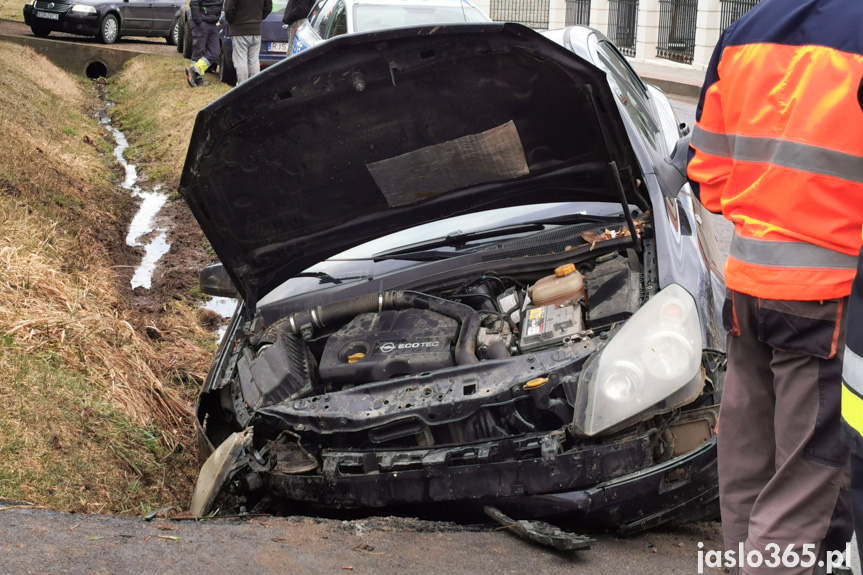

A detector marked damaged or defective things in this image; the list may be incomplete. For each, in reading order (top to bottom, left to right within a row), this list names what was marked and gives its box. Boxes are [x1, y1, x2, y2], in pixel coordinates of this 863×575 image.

damaged silver car [181, 23, 728, 536]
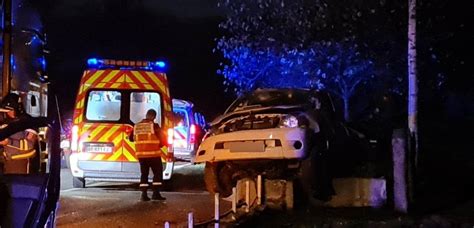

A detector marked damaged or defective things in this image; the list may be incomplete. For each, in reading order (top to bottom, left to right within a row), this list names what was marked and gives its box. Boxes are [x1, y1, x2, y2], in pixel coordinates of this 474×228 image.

crashed white car [193, 88, 336, 197]
damaged vehicle [193, 89, 344, 201]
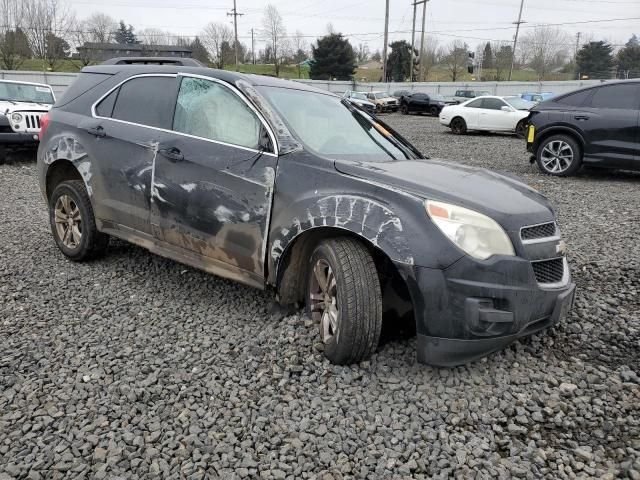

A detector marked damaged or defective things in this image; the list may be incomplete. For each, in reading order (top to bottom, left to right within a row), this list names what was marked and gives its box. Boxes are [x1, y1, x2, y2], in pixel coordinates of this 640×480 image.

crushed windshield [0, 81, 54, 104]
collision damage [36, 62, 576, 366]
damaged black suv [37, 62, 576, 364]
crushed windshield [258, 85, 422, 162]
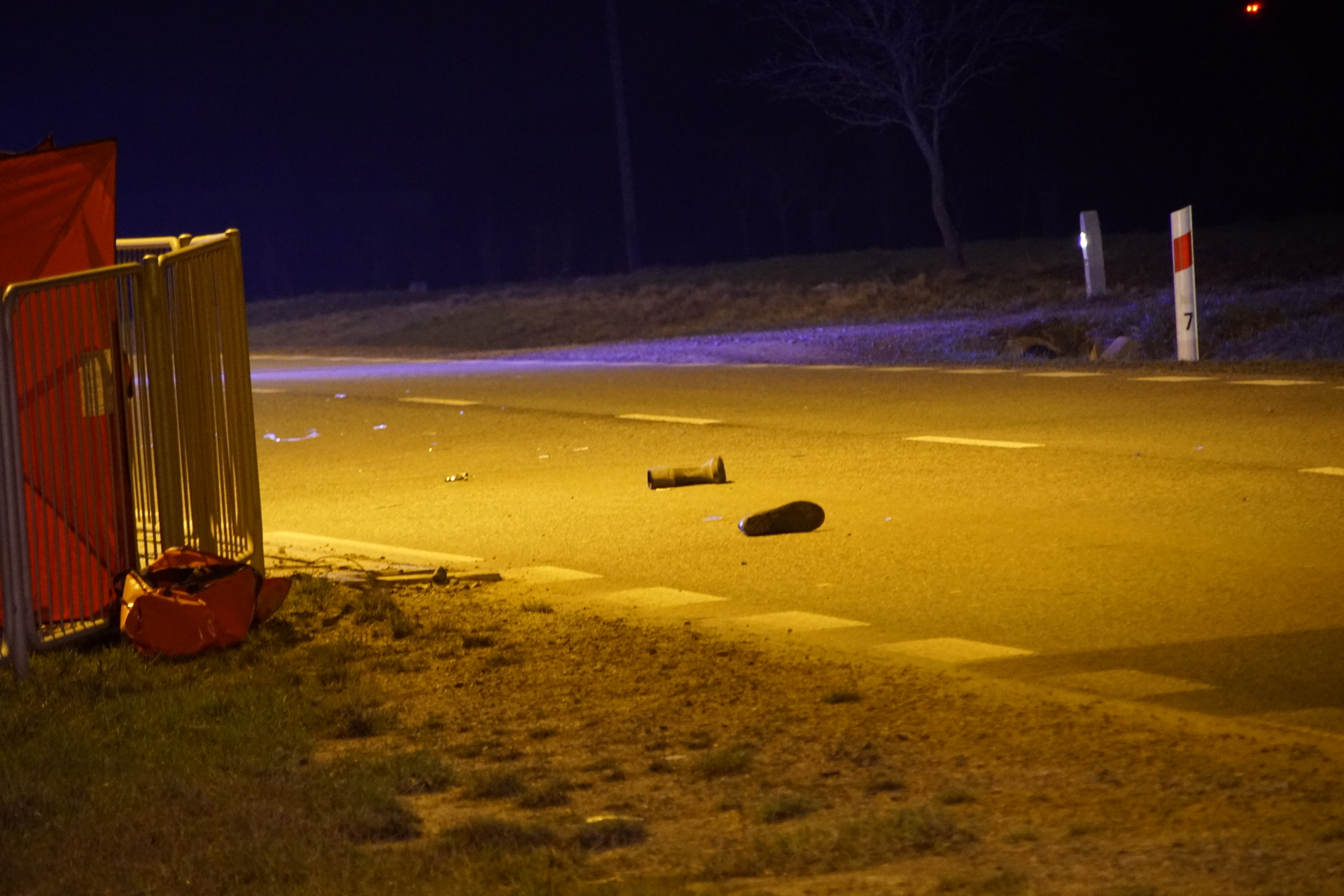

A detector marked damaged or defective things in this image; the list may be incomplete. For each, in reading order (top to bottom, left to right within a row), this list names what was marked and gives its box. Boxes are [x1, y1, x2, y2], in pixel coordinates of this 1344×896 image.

broken plastic piece [647, 456, 731, 491]
broken plastic piece [741, 502, 822, 537]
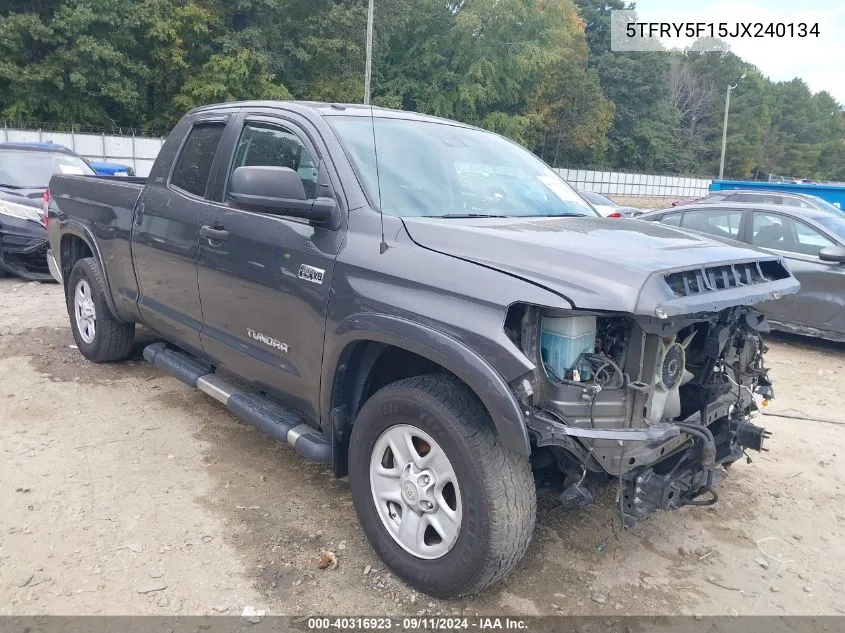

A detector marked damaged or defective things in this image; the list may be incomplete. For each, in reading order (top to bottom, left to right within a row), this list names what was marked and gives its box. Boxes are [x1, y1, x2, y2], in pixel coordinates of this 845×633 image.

damaged front end [504, 282, 780, 524]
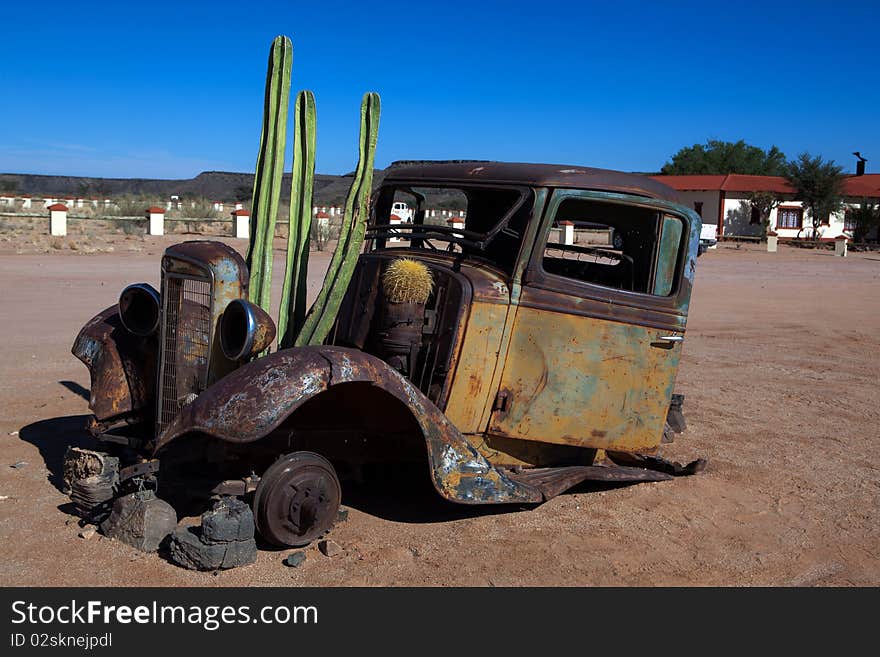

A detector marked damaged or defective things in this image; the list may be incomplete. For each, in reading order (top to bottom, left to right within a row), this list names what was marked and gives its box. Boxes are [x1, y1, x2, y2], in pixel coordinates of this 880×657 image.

rusted front fender [72, 306, 158, 420]
rusty exhaust pipe [219, 298, 276, 358]
rusted truck cab [72, 161, 700, 544]
rusty abandoned truck [69, 161, 704, 544]
rusted front fender [156, 346, 544, 504]
broken concrete block [100, 490, 176, 552]
broken concrete block [167, 498, 258, 568]
broken concrete block [200, 498, 254, 544]
rusty wheel rim [253, 452, 342, 548]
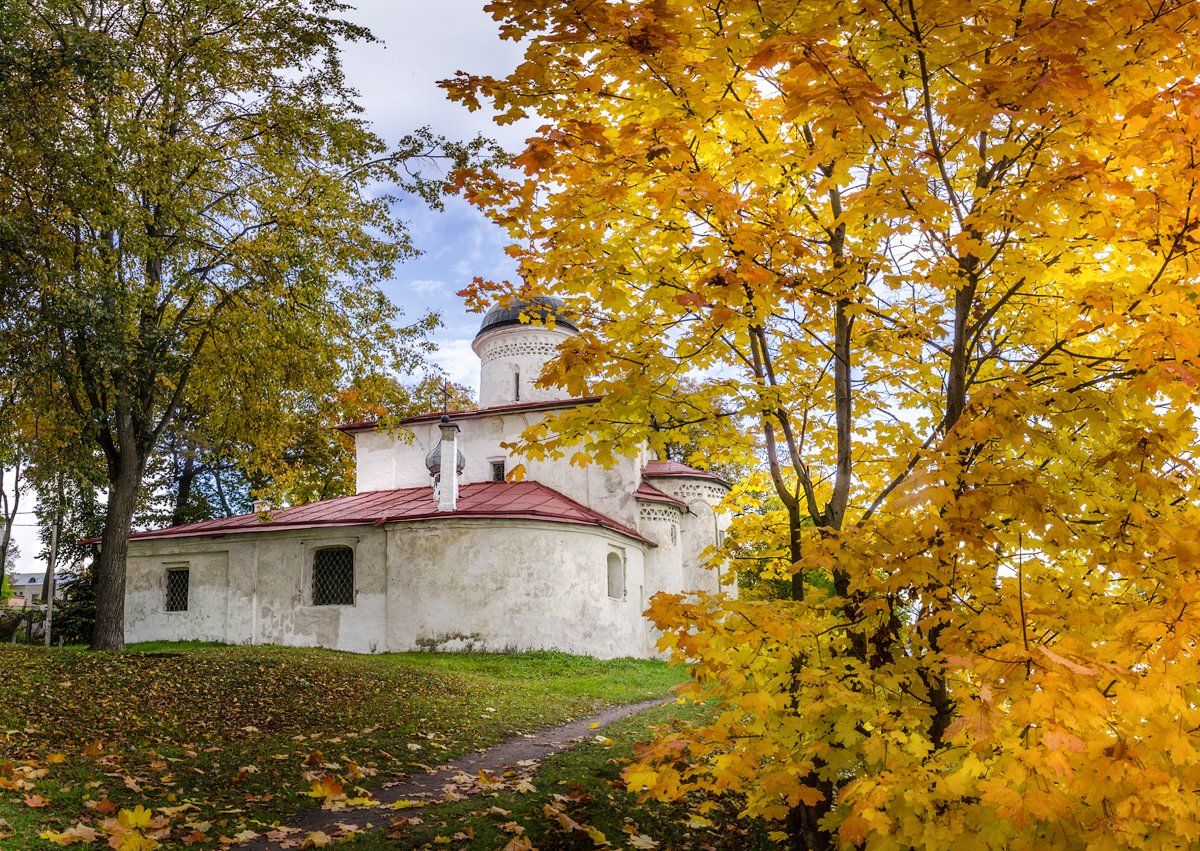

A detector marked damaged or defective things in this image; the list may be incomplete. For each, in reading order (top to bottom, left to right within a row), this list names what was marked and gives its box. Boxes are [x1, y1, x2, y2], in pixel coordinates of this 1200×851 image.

peeling plaster wall [126, 518, 652, 657]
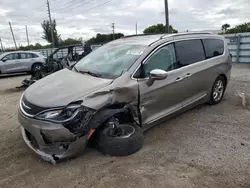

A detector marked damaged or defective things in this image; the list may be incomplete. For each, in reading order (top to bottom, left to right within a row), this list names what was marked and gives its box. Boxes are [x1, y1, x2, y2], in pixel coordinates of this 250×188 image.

damaged bumper [17, 109, 88, 164]
crushed front end [18, 95, 95, 163]
broken headlight [34, 104, 81, 123]
crumpled hood [24, 68, 112, 107]
damaged minivan [18, 33, 232, 164]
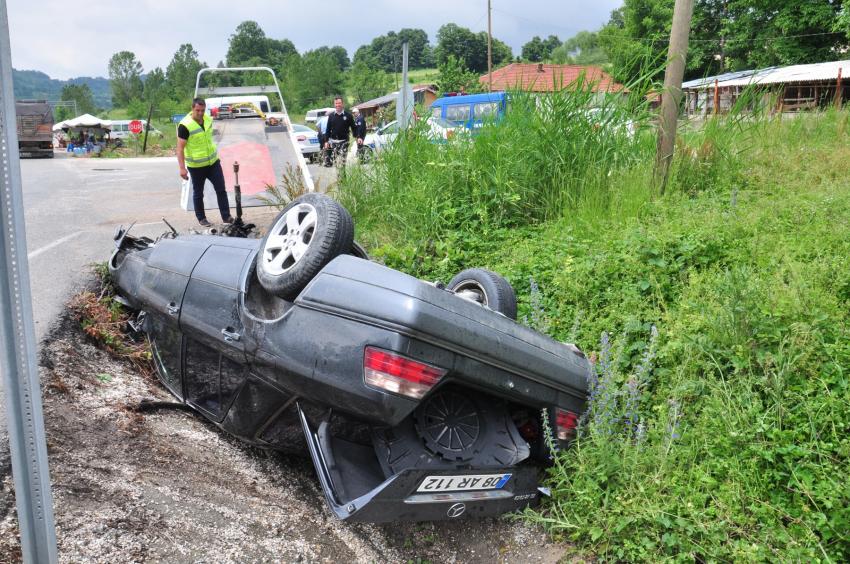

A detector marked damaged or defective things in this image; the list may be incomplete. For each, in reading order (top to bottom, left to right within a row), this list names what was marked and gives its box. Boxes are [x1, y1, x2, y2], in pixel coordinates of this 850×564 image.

overturned gray car [107, 194, 588, 524]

What the exercise asks | Please print each entry exactly as given and keep pictures out of it.

Result of this task |
A detector marked damaged or defective things in this image; the list may be incomplete. For each, in reading order (top to bottom, left to right within a row), this list names what was marked and gives its box. Boxes are [x1, y1, x2, y2], in pixel coordinates of this 863×575 image.

damaged silver car [181, 23, 728, 536]

A detector marked damaged or defective things in this image; the list may be incomplete. For each, in reading order (top to bottom, left to right within a row), this list names what was marked and gives its box. Boxes are [x1, y1, x2, y2], in pixel coordinates of this 474×228 image.

crashed white car [193, 88, 336, 197]
damaged vehicle [193, 89, 344, 201]

A detector marked damaged or defective things in this image; the list may be incomplete. For each, in reading order (top to bottom, left to right within a row), this list names what was marked and gives its box. Boxes are [x1, y1, x2, y2], in pixel coordinates of this 640×480 image.

crushed windshield [0, 81, 54, 104]
collision damage [36, 62, 576, 366]
damaged black suv [37, 62, 576, 364]
crushed windshield [258, 85, 422, 162]

A detector marked damaged or defective things in this image; the list may be incomplete. For each, in reading order (top to bottom, left to right within a row), this list names what was marked and gives its box. Boxes are [x1, y1, x2, y2], in pixel coordinates of this 1344×896 image.

broken plastic piece [647, 456, 731, 491]
broken plastic piece [741, 502, 822, 537]

A detector marked damaged or defective things in this image; the list may be incomplete. For each, in reading order (top to bottom, left to right within a row), this list names what was marked and gives its box. Boxes are [x1, y1, x2, y2], in pixel coordinates of this 845×633 image.

damaged front end [504, 282, 780, 524]

A detector marked damaged or defective things in this image; the list may be incomplete. For each, in reading order (top to bottom, left to right within a row), this list names what was marked and gives its box. Boxes are [x1, y1, x2, y2], in pixel coordinates of this 880×657 image.

rusted front fender [72, 306, 158, 420]
rusty exhaust pipe [219, 298, 276, 358]
rusted truck cab [72, 161, 700, 544]
rusty abandoned truck [69, 161, 704, 544]
rusted front fender [156, 346, 544, 504]
broken concrete block [100, 490, 176, 552]
broken concrete block [167, 498, 258, 568]
broken concrete block [200, 498, 254, 544]
rusty wheel rim [253, 452, 342, 548]

A detector marked damaged or defective things in this image; the list may be incomplete. For each, in reading order (top to bottom, left to right within a row), this list names what was marked and gives its box. Boxes are [x1, y1, x2, y2], in pixel coordinates of this 1200×851 image.

peeling plaster wall [126, 518, 652, 657]

A detector marked damaged or defective things in this image; the list may be incomplete. For each, in reading order (top to bottom, left to right within a row), this list names what was marked and gives its box. Boxes are [x1, y1, x2, y2], in pixel coordinates of this 250×188 image.

damaged bumper [17, 109, 88, 164]
crushed front end [18, 95, 95, 163]
broken headlight [34, 104, 81, 123]
crumpled hood [24, 68, 112, 107]
damaged minivan [18, 33, 232, 164]

A detector marked damaged or defective things in this image; the list may be incomplete. For each, in reading order (top to bottom, left to right within a row), this list names what was marked and gives its box. Boxes are [x1, y1, x2, y2], in pixel coordinates of this 850×564 image.

overturned gray car [107, 194, 588, 524]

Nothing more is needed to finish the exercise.